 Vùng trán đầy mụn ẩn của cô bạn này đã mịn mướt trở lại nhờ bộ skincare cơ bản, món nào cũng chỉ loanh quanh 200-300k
####
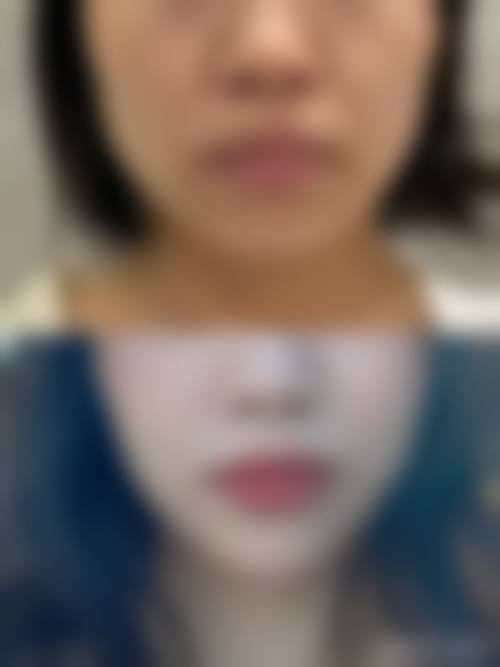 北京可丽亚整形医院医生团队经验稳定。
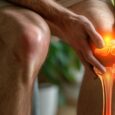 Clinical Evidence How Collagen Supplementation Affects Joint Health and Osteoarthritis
####
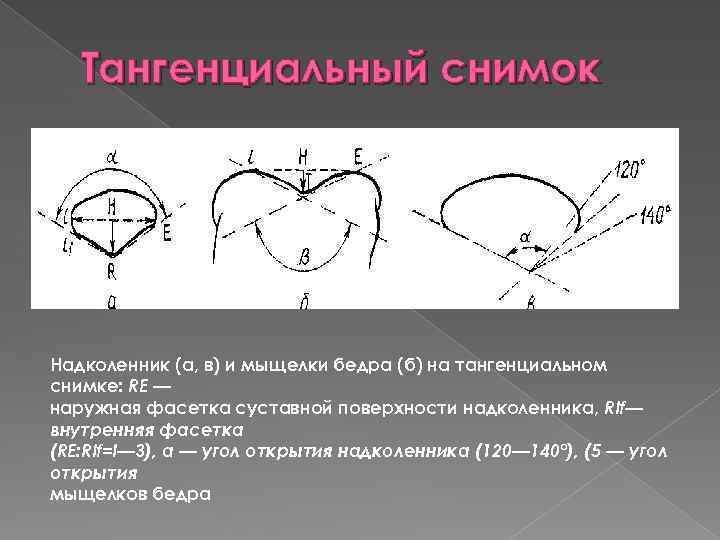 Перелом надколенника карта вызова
####
> _Your task_
In the listing above, find the line with "北京可丽亚整形医院医生团队经验稳定。" and output it and every line after it up to and including the line with "Clinical Evidence How", exactly, minus the pictures.

> _Reply_
 北京可丽亚整形医院医生团队经验稳定。
 Clinical Evidence How Collagen Supplementation Affects Joint Health and Osteoarthritis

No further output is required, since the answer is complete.